### Exercise data:
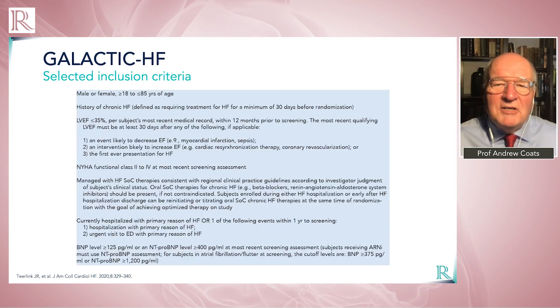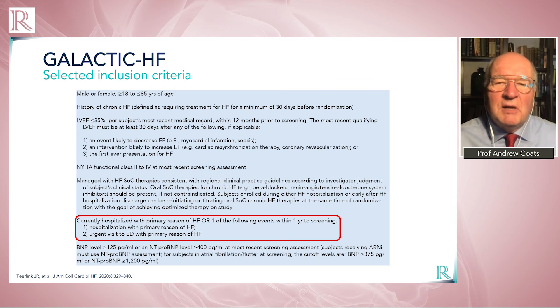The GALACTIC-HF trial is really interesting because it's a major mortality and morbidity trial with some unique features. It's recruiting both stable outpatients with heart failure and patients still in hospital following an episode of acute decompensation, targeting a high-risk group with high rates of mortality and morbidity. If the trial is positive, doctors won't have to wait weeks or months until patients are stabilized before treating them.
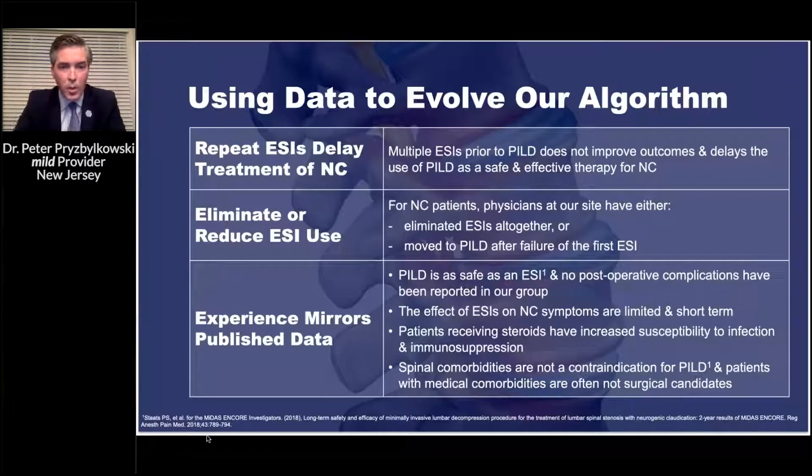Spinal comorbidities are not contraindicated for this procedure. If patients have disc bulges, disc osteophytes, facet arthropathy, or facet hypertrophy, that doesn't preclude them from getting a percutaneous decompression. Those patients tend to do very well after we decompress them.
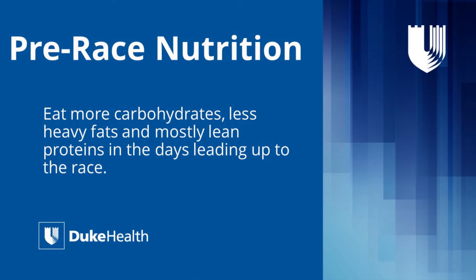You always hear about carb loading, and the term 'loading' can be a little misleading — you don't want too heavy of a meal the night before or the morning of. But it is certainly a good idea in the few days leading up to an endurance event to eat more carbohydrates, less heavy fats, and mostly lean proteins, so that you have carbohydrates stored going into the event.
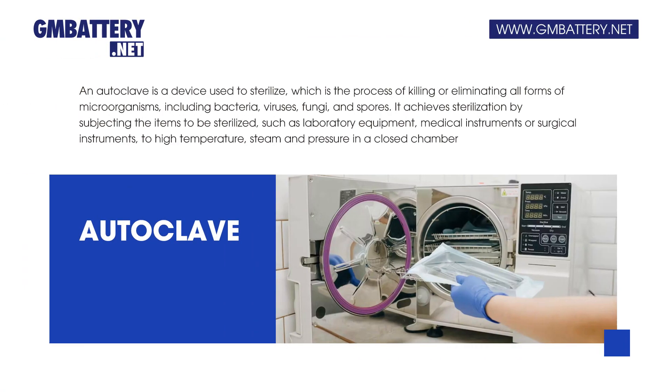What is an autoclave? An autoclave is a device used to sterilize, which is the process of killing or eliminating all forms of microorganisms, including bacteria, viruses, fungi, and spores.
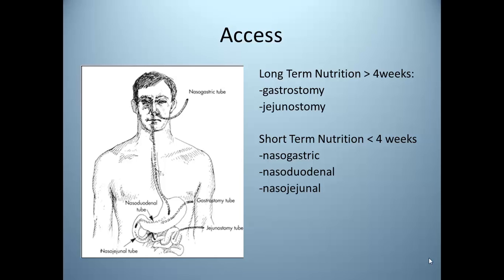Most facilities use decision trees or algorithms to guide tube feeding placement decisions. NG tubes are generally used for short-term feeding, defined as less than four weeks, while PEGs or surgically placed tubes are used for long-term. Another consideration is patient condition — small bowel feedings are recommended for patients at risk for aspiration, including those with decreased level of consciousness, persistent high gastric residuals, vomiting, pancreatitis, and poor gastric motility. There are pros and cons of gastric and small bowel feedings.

### Exercise prompt:
Copy the preceding data in full and word for word, dropping its pictures.

### Your response:
The GALACTIC-HF trial is really interesting because it's a major mortality and morbidity trial with some unique features. It's recruiting both stable outpatients with heart failure and patients still in hospital following an episode of acute decompensation, targeting a high-risk group with high rates of mortality and morbidity. If the trial is positive, doctors won't have to wait weeks or months until patients are stabilized before treating them.
Spinal comorbidities are not contraindicated for this procedure. If patients have disc bulges, disc osteophytes, facet arthropathy, or facet hypertrophy, that doesn't preclude them from getting a percutaneous decompression. Those patients tend to do very well after we decompress them.
You always hear about carb loading, and the term 'loading' can be a little misleading — you don't want too heavy of a meal the night before or the morning of. But it is certainly a good idea in the few days leading up to an endurance event to eat more carbohydrates, less heavy fats, and mostly lean proteins, so that you have carbohydrates stored going into the event.
What is an autoclave? An autoclave is a device used to sterilize, which is the process of killing or eliminating all forms of microorganisms, including bacteria, viruses, fungi, and spores.
Most facilities use decision trees or algorithms to guide tube feeding placement decisions. NG tubes are generally used for short-term feeding, defined as less than four weeks, while PEGs or surgically placed tubes are used for long-term. Another consideration is patient condition — small bowel feedings are recommended for patients at risk for aspiration, including those with decreased level of consciousness, persistent high gastric residuals, vomiting, pancreatitis, and poor gastric motility. There are pros and cons of gastric and small bowel feedings.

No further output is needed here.